Consider how The New York Times once described a presidential candidate: “a charlatan, a play-actor, a demagogue, appealing to popular passion and prejudice … his mind is unsteady, his principles unsafe.”  Trump? No, William Jennings Bryan, the populist Democratic nominee who the Times judged, in 1908, as “altogether inexperienced in administrative duty” and “unstable, flighty.”


Outsider candidates

The Trump and Bryan campaigns are over a century apart, and, though they might both be broadly branded as “populist,” it would be overreaching to compare them too closely. For one thing, Bryan had political experience; Trump, by contrast, fits into a group that one might generally label as “outsider candidates.” Outsider candidates are the ones most likely to use overwrought, fiery, excessive rhetoric.  After all, they are not beltway politicians; they have the most to gain and the least to lose.

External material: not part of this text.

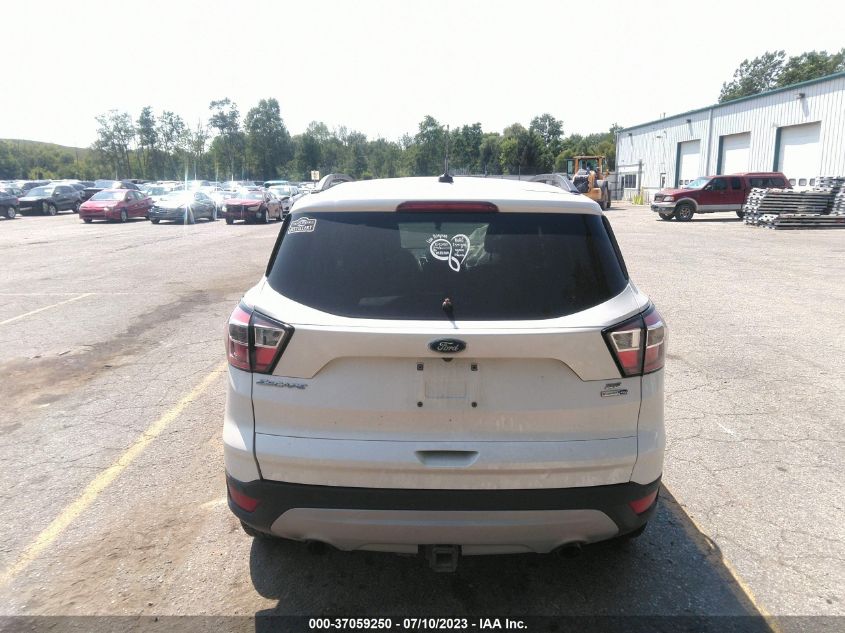 2017 FORD ESCAPE SE - 1FMCU9G9XHUC38173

As a historian of American political media, it is always my instinct to ask how we can use the past to understand the present, and, from this perspective it is useful to back up and consider how the rhetorical strategies of outsider candidates in earlier elections may help to put the Trump-Clinton election into context. Looking backward does not always provide solutions, but it does provide perspective, potentially helping us to sort out the current moment, possibly tempering our alarmism but also perhaps exacerbating it.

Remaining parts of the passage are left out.